Building a Winning Business Model Portfolio 06-28


Many companies today are operating several business models at once. But despite the potential that business model diversification has for generating growth and profit, executives need to carefully assess the strategic contributions of each element of their business model portfolio.

Across many industries, companies are using innovative business models as a basis for competitive advantage. In recent years, for example, we have seen upstarts such as Uber Technologies Inc. and Airbnb Inc. use multisided business models to leverage ordinary resources against established competitors that rely on unique resources. Increasingly, organizations are adopting two or more business models at once. Multiple business models provide companies with a diversification vehicle that enables them to tap into resources and capabilities that aren’t available through other means. By definition, a company diversifies into a business model portfolio when it engages in at least two ways of creating and/or monetizing value. 

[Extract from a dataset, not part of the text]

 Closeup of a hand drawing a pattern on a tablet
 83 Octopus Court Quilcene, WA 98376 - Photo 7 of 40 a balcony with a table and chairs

To illustrate how business model diversification can work, consider Netflix Inc. Netflix deployed two distinct business models (DVDs by mail and online streaming) to challenge Blockbuster and other movie rental incumbents. Although its rapid market penetration and growth are indisputable, Netflix did not initially depend on traditional approaches to diversification. In fact, the company offered U.S. customers essentially the same movies through both its DVD by mail and online streaming services, but it offered different subscription prices, a choice of physical versus digital rentals, and value-added services online, including tailored recommendations. Netflix’s business model diversification helped it to expand its U.S. market share, which provided a springboard for extensive international expansion as well as an expanded product portfolio that now includes original content.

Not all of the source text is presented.